Anderson Valley, June 4, 1940. — Death came silently and swiftly to George Jeans, 71, colored, and the time of its coming can only be estimated but it is thought to have been Tuesday evening. He appeared asleep. J.H. Lockard was to have helped him cut wood Thursday but when he called at the Jeans home he found him apparently asleep with a newspaper over his face and did not disturb him. While he while in town late in the afternoon someone asked if he had seen Mr. Jeans and suggested he go back and see if anything was wrong as he had not been seen since Tuesday. Died peacefully. Mr. Lockard drove the three quarters of a mile north of Boonville to the Jeans home and found what he had taken for sleep was death instead, but death that came so quickly and painlessly he still held his glasses in one hand a newspaper in the other and his crossed feet showed there had been no death struggle. He had apparently retired for the night and was reading in bed and his kerosene lamp had burned dry and gone out. Has two brothers. George Jeans was a native of Anderson Valley. His father, the late Daniel Jeans, was in early life a slave and to his death carried the scars of lashes on his back. Two brothers survived him: Albert Jeans of this place (Ukiah) and Henry Jeans of Yakima, Washington whom he had been visiting and only recently returned to his home here. Funeral today. At 10 o’clock this morning funeral services will be held at the Boonville Church with the Reverend Glenn Akers officiating. Eversole Mortuary is in charge. Brother collapsed. Albert Jeans was in Cloverdale having dental work tended to when advised of his brother’s death. He caught a ride home but was in such condition due to shock he had to be taken back to Cloverdale for medical attention as Dr. Robinson of this place was out of town. K. B. Wallach and B.M. Brinegar took him down during the night and Dr. Sohler treated him and he is being cared for by a colored friend here.
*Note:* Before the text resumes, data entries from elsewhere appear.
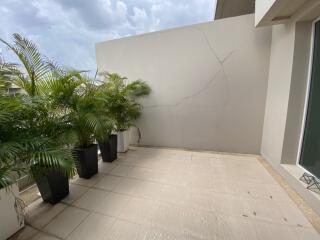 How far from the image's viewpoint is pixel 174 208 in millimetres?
1537

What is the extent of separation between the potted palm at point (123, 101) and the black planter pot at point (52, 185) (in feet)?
3.66

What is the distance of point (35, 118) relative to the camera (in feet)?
4.65

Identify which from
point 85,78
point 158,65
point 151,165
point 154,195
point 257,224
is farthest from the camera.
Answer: point 158,65

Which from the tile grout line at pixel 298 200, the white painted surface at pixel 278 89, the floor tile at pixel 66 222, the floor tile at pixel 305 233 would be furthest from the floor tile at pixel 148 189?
the white painted surface at pixel 278 89

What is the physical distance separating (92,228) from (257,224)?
147 centimetres

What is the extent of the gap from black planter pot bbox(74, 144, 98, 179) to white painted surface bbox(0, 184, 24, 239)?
751mm

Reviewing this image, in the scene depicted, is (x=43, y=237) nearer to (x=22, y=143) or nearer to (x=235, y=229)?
(x=22, y=143)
The Jeans’ 160 acres, tucked away at the north end of Ornbaun Road, was long ago absorbed by the June Ranch, and much of the June Ranch subsequently absorbed by the Wasson Ranch. All that remains of the Jeans place is a remnant apple orchard and a collapsed outbuilding. It is not known what became of Albert Jeans, the last of the Mendocino County Jeans, but on clear summer nights, standing where the Jeans home once stood, you can imagine yourself welcomed by this uniquely American family who made their lives in the long gone Anderson Valley, a beautiful place gone corporate, transient, anonymous, only remnants of true community remaining.

5 Comments

  1. Laura Cooskey March 18, 2023

    What a wonderful story and contribution to Anderson Valley history! Thank you, Bruce.
    Someone ought to gather up a bunch of these AVA local history articles and put them together into a book… Volume 1, of course. (Maybe you’ve done that already; i’m not familiar with the Mendo book scene.)

  2. Kathy Davis March 18, 2023

    This is truly a well written piece of history, very interesting and significant. Thank you

  3. James Nella March 18, 2023

    Enjoyed the story Bruce. Thanks. Local history never gets old.

  4. Tonya Lindler March 19, 2023

    Great article! Thank you for sharing this piece of history with us.